Meskipun kita mengatakan hal ini, jika kita tidak
benar-benar menjauhkan diri dari nafsu keinginan hidup
ini, tidak akan ada jalan menuju kebahagiaan, sekarang
maupun di masa mendatang. Tetapi jika tidak menjauhkan
diri dari keinginan, kita bahkan tidak perlu lagi
mencari kebahagiaan. "
Akhirnya, Geshe Sabogya mencaci dirinya sendiri,
"Engkau tua bangka" engkau mengharapkan ajaran yang
tinggi, walaupun hakekatmu rendah. Dukun palsu, dukun
palsu - engkau berharap memajukan yang lain, tetapi
diri sendiri tidak berkembang. Dasar munafik, engkau
berlaku seolah-olah Dharma hanya untuk dijalankan
orang lain, bukan oleh dirimu sendiri. Alangkah
dungunya engkau mengawasi orang lain supaya
berkelakuan baik, tetapi diri sendiri bertindak salah.
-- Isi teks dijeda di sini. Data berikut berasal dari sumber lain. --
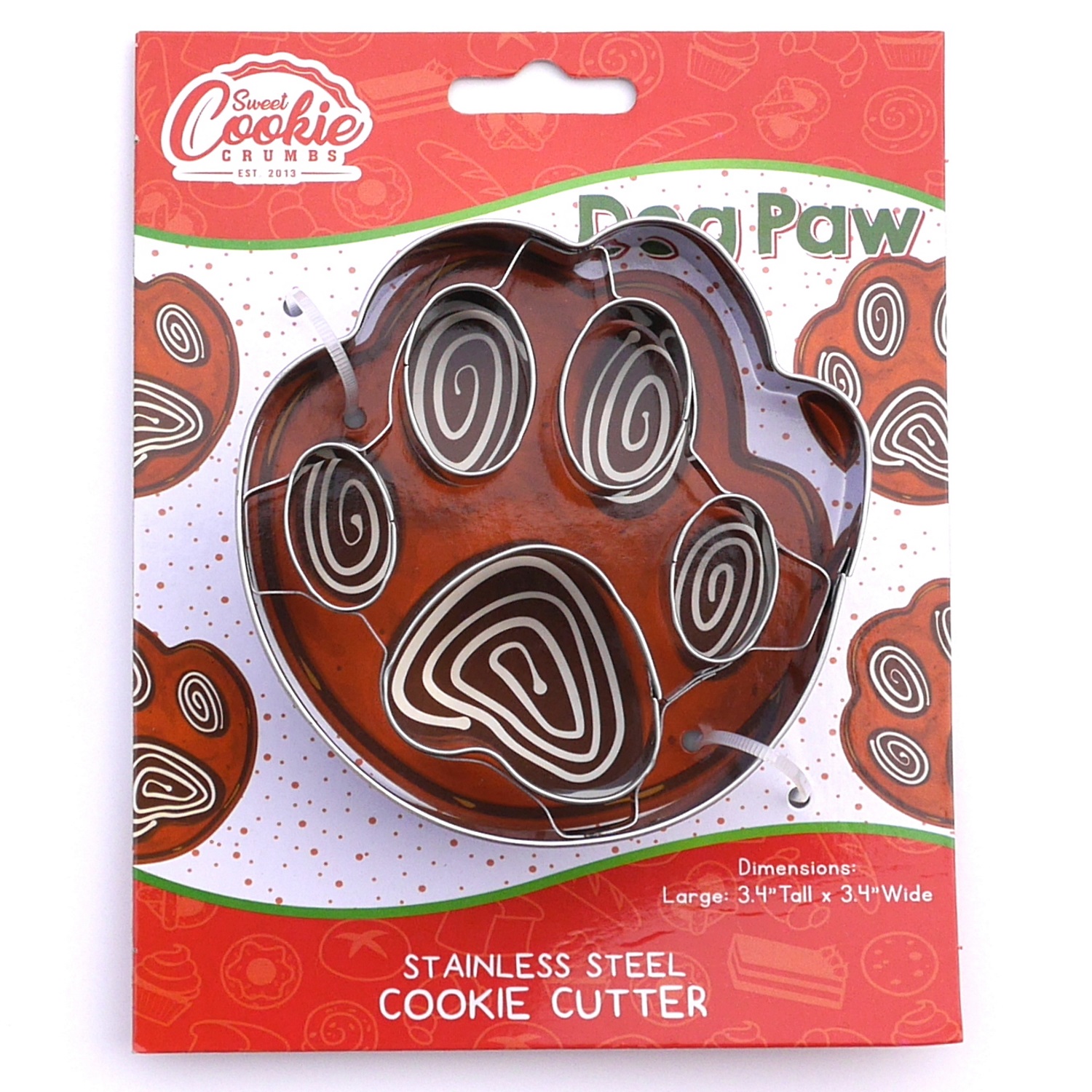 Dog Paw Cookie Cutter Stainless Steel
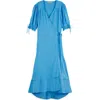 Scotch & Soda Wrap Midi Dress In Aqua Blue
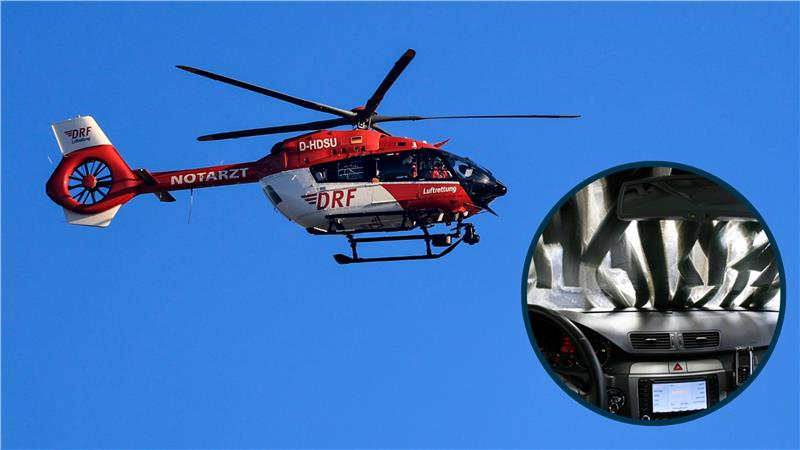 Ein Rettungshubschrauber und die Sicht aus einem Auto in der Waschanlage.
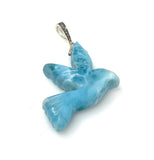 Larimar Bird Pave Diamond Pendant, Chakra Jewelry, Spiritual Healing Crystal Jewelry, Emotional Healing December Birthstone Large Pendant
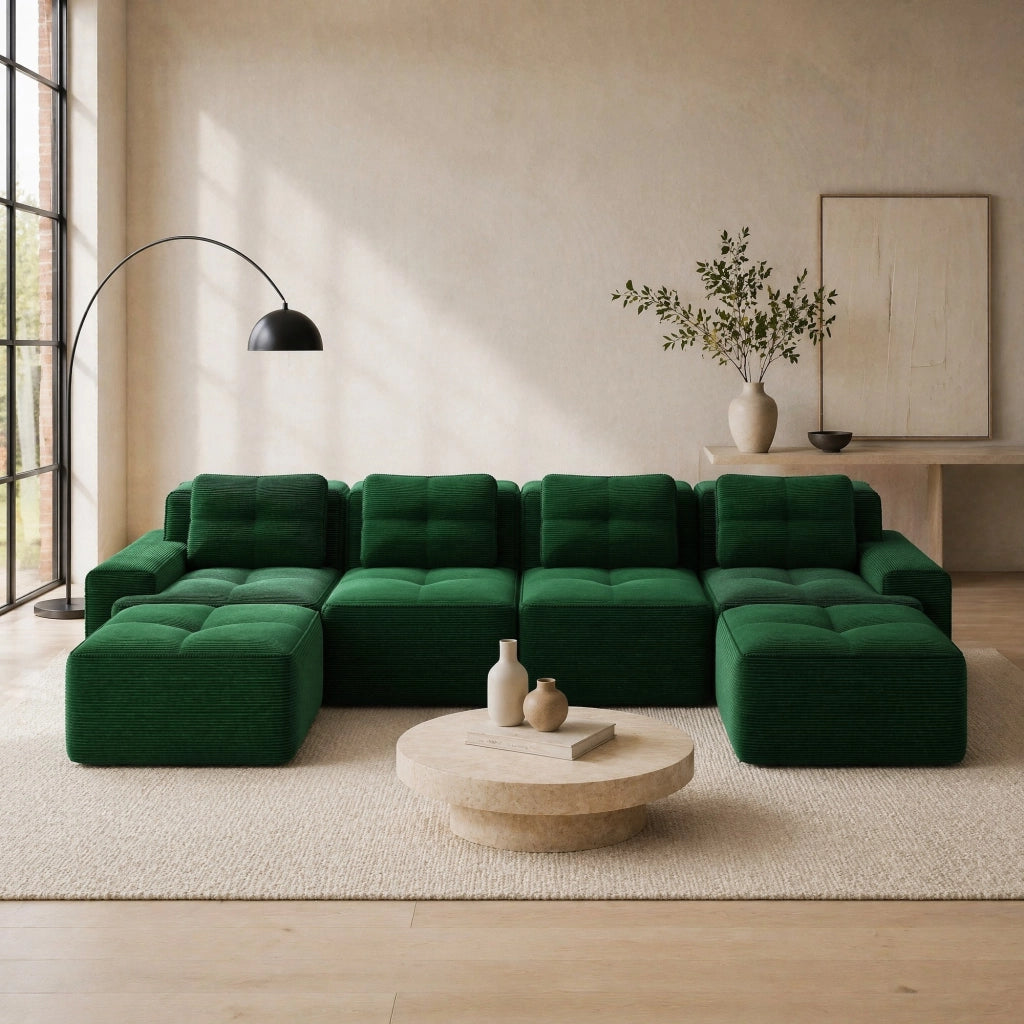 Divano modulare 4 posti con chaise longue a U 382x177x69 cm in velluto a coste verde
Kau gelandangan malas - setiap kebangkitanmu mengawali
kejatuhanmu. Dasar politikus - engkau membuat janji
panjang, tetapi pendek pelaksanaannya. Engkau bajingan
tengik, engkau mencari kepuasan nafsu, dan pada saat
yang sama berpura-pura mencari senjata pemotongnya.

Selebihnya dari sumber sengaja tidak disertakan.